I think that the flaw remains with the way a school is run with such large numbers, although can this be helped?  Is it simply impossible for our government  to support every child who is sent to school?  Nothing, not even a 'private school' education can compare to the quality of the one on one education that a child recieves from being home educated.  I do not think that this is simply the flaw of the teacher simply the system and the fact that there is simply too many children. 

I do, however, agree that phonics is not for everyone.  Every child has a unique way of learning.  It is simply impossible to teach a class of 30 children with one single method and for them all to get it.  I only have 4 children and so far the first 3 have all choosen different ways to learn to read.

My eldest taught herself to read really.  All I did was to read to her everyday, 10 or more books a day.  The only thing I did to help her in anyway was to follow the words with my finger.  By 3 she could read Dr Suess unassisted.  I was completely taken back,  I realised at this point there was no way she would get on in school, learning all her phonics and singing the alphabet would simply be boring for her now.  So school was never an option really.
My 2nd eldest, N, was a different story.  She wasn't really into reading books until she was 2 - 3 and then just before her 4th birthday, out of the blue she asked if I could teach her to read.  It was strange, in a way, because she was the first of my children that I had to teach how to read.  At first I tried the Oxford Reading Tree (ORT).  I had to buy in the stage ones as C skipped straight to stage 4.  I had only really stuck with the oxford reading tree because C loved dogs and Floppy really appealed to her.  It was different for N though.  With N I found that I had to try all different kinds of books, ORT being one, but also used the read at home ladybird books and, her favourites, the 'Frog and Toad' series by Arnold Lobel and the 'Little Bear' series by Else Holmelund Minarik.  They are beautiful books and because she loved them so much she began learning so much more quickly.  I think that is the real key, to find something they really love and then learning becomes easy.  N also found writing a lot helped along with  separating the phonemes using different colours.  None of this I'd tried before.  One thing I remember N did hate was Jolly Phonics, the government's favourite from what I've heard from my friends who send their children to school.
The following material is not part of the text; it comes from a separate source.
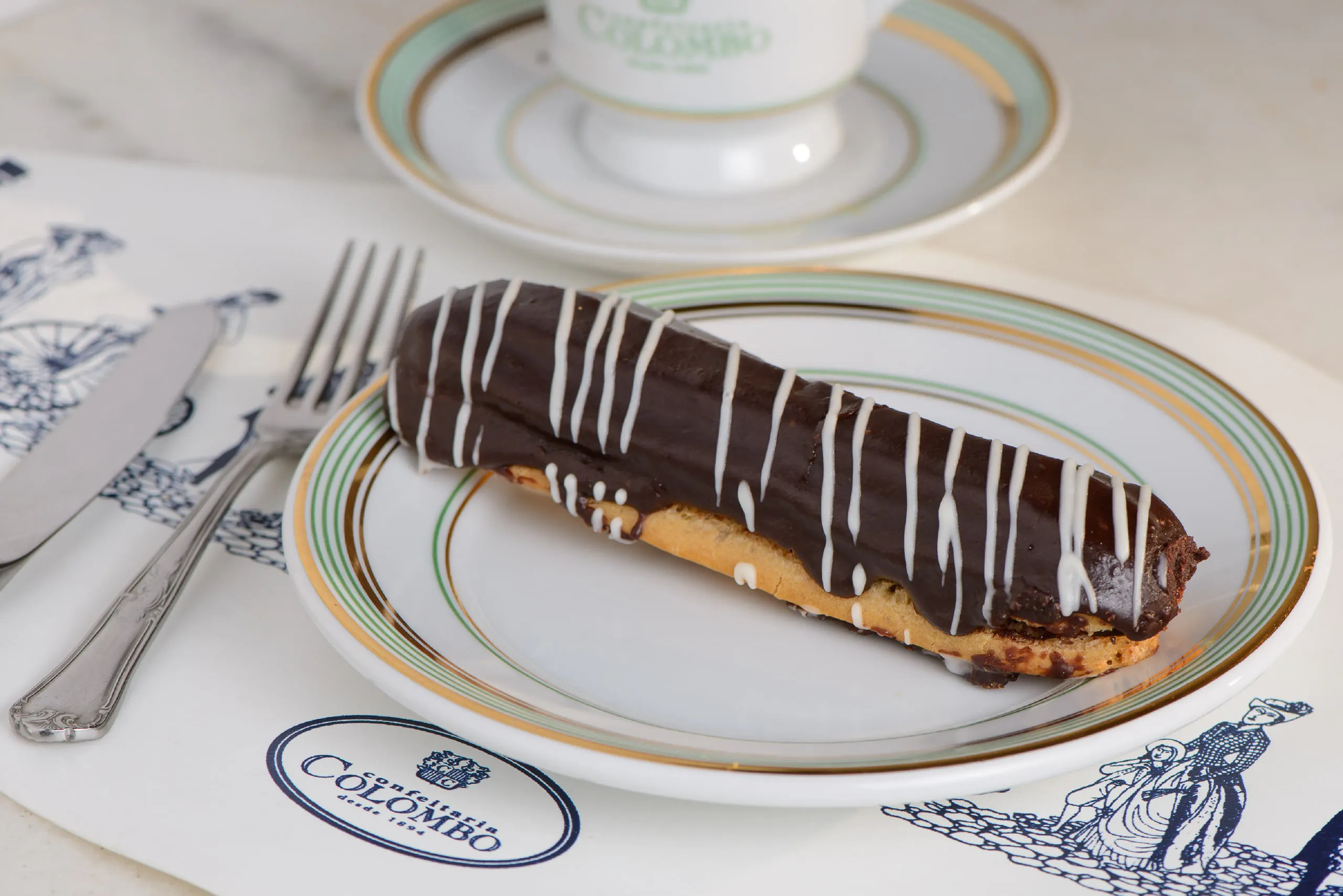 Eclair de Chocolate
HB has started reading now.  Weirdly it's phonics nearly all the way and weirdly it's 'Jolly Phonics', at least all those cooks I bought have come to some use now, although I find she doesn't use phonetics for each letter, especially the vowels.  Now how could a school possible run a system that would suit so many different ways of learning?  I'm sure Baby H will bring a whole new way of learning to read to my attention.  Each child a new adventure!

So back to how schools can fix their problems?  The only thing I can think of is to have smaller classes and do regular one on one.  Focusing on the 3 r's instead of taking them for trips to the supermarket or whatever they do.  But then you've always got those teachers who've decided how well, or  not well, a child will do as soon as they've walked through that school door from day one. 

I just don't believe 'school' would work for everyone, which is why we don't 'school' our children but 'educate' them at home.  One thing I do find sad is that everyone of us learn things at different times.  Some of us walk at 9 months others at 2.  It is no different to one child learning to read age 3 and another at age 11.  I don't think when a child learns has any bearing on how well a child will do.  What I do think is important and really makes a difference to a child life and their future is being able to grow and learn to think for oneself without judgement and in a safe and secure environment.

This is the way I see it anyway!

1 comment:

  1. Well said! Personally, I'm into look-say, as that's how Mum taught me using Glenn Doman's "Teach Your Baby to Read Kit", and I feel that it's made me a more fluent reader than phonics would have. However, my 3-year-old daughter has always been fascinated by letters, and wants to know what each letter is, so I'm forced to use phonics against my better judgement!